INTRODUCTION
Regulation of body temperature during exercise is achieved by both thermal and nonthermal factors. Increased body temperature triggers cutaneous vasodilation and sweating, but also causes hyperventilation which reduces arterial carbon dioxide partial pressure (PaCO2) and cerebral blood flow [1]. Katagiri et al. found that metabolic alkalosis produced by sodium bicarbonate ingestion reduced hyperventilation and attenuated hypocapnia-related cerebral hypoperfusion during exercise [2].
The nonthermal factors include stimulation of the thermoregulatory neurons in the hypothalamus by impulses from motor centres of the cerebral cortex (central command) and stimulation of these neurons by afferent pathways originating in mechanoreceptors and metabolic receptors located in muscles.
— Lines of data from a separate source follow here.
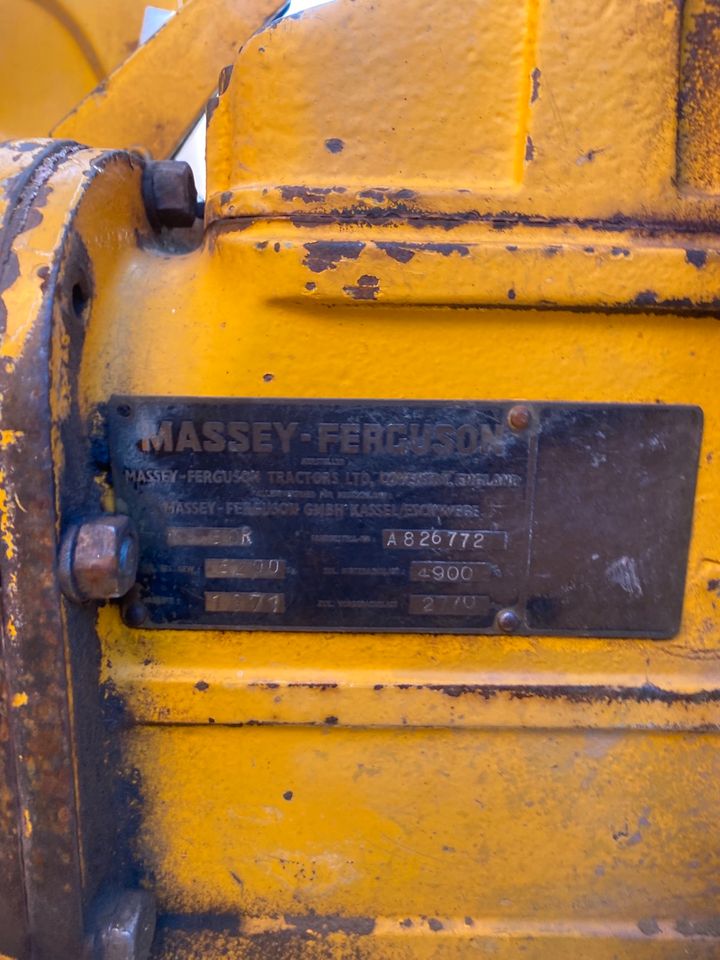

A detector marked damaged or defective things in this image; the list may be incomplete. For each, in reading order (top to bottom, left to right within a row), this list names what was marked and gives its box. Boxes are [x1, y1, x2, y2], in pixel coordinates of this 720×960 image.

rusty bolt [142, 161, 198, 231]
rust patch [302, 242, 366, 272]
rust patch [344, 274, 382, 300]
rusty bolt [510, 404, 532, 432]
rusty bolt [58, 516, 139, 600]
rusty bolt [498, 612, 520, 632]
rusty bolt [91, 888, 156, 956]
It is mediated by the superfamily of transient receptor potential (TRP) ion channels, which function as cellular sensors and are activated by several stimuli [3–5]. Among them, the transient receptor potential vanilloid (TRPV) sub-family members, namely TRPV1 and TRPV4, are gated by certain lipophilic molecules, extracellular protons (pH) and stimuli such as heat or osmotic pressure changes [6–8]. Heat and metabolic acidosis, the main physiological indicators modified by muscle contraction during exercise, activate TRPV1 in humans [4, 9]. At lower pH values (< 6.0) TRPV1 is directly activated by protons, whilst at the range of pH 6–9 protons modulate TRPV1 channels by sensitizing them to other stimuli [9, 10].
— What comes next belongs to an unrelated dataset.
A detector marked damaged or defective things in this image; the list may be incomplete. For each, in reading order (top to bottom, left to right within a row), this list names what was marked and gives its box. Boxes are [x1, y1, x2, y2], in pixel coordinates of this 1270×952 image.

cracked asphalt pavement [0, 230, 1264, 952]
The firing rate of hypothalamic warm sensitive neurons in rodents is reported to be inhibited by metabolic acidosis [11, 12]. It was suggested that this effect may explain the impairment of the thermoregulatory mechanisms in hypercapnic respiratory acidosis, as well as in thermal stress (i.e. exertional heat stroke), which is usually accompanied by metabolic acidosis [13]. It may be speculated that metabolic acidosis induced by intensive exercise also contributes to the elevation of body temperature. This may partly explain the beneficial effect of training on thermoregulation and the relationship between internal body temperature and exercise loads expressed as percentage of maximal oxygen uptake [14]. It seems that the combination of TRPV channels’ polymodal nature and stimulation sensitivity makes them ideal candidates for stress response proteins that merge signalling pathways and adjust intracellular Ca2+ levels as a response to induced stress, such as exercise-induced metabolic acidosis [15].
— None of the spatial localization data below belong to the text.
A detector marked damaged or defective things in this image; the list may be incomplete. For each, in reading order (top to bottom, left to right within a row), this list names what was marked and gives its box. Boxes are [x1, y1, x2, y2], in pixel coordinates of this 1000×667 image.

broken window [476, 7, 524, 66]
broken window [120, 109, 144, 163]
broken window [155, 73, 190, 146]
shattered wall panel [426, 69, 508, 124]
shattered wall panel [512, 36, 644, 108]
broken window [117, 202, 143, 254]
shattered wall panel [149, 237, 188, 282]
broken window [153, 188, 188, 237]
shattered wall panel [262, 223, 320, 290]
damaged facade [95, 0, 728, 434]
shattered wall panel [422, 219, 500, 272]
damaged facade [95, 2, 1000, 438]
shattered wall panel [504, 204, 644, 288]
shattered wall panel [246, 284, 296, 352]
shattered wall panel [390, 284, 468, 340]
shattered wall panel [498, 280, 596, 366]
Therefore, the aim of the present study was to test the hypothesis that diminished metabolic acidosis may favourably affect thermoregulation during exhaustive exercise in men. For this purpose body temperature and sweating rate during exercise with increasing intensity were measured in healthy young men after sodium bicarbonate ingestion intended to diminish metabolic acidosis.
MATERIALS AND METHODS
Subjects
Fifteen healthy male students (age: 23.4 ± 0.6 years, body mass: 85.4 ± 2.1 kg, height: 184 ± 1.4 cm, VO2peak 51 ± 3 mL/kg/min) participated in the study after giving informed consent. They were physically active but did not take part in any regular sports activity. None of them reported lactose, milk or other dairy product intolerance. The subjects were asked to hydrate properly and not to consume alcohol or perform vigorous exercise in the 24 h before testing and to consume no food or beverages (other than water) 2 h before testing. The study protocol was approved by the Ethical Committee of the Medical University in Warsaw (KB/175/2008).
Study protocol
A double-blind, placebo-controlled design was employed. The subjects performed an incremental exercise test on two occasions separated by a one-week interval. During the bicarbonate trial exercise was preceded by ingestion of NaHCO3 at a dose 250 mg/kg of body mass, whilst during the placebo trial lactose was used. The dose was chosen in order to avoid the side effects of sodium bicarbonate ingestion, which are dose-dependent, whereas it provided the recommended 5–6 mmol/L increase in bicarbonates’ blood concentration [16, 17]. Both substances were given wrapped in a wafer and ingested during 20–30 min. At that time the subjects in both trials drank 0.9–1.0 L of noncarbonated mineral water. The order of the trials was randomized. The NaHCO3 ingestion procedure was similar to that described in previous papers [18].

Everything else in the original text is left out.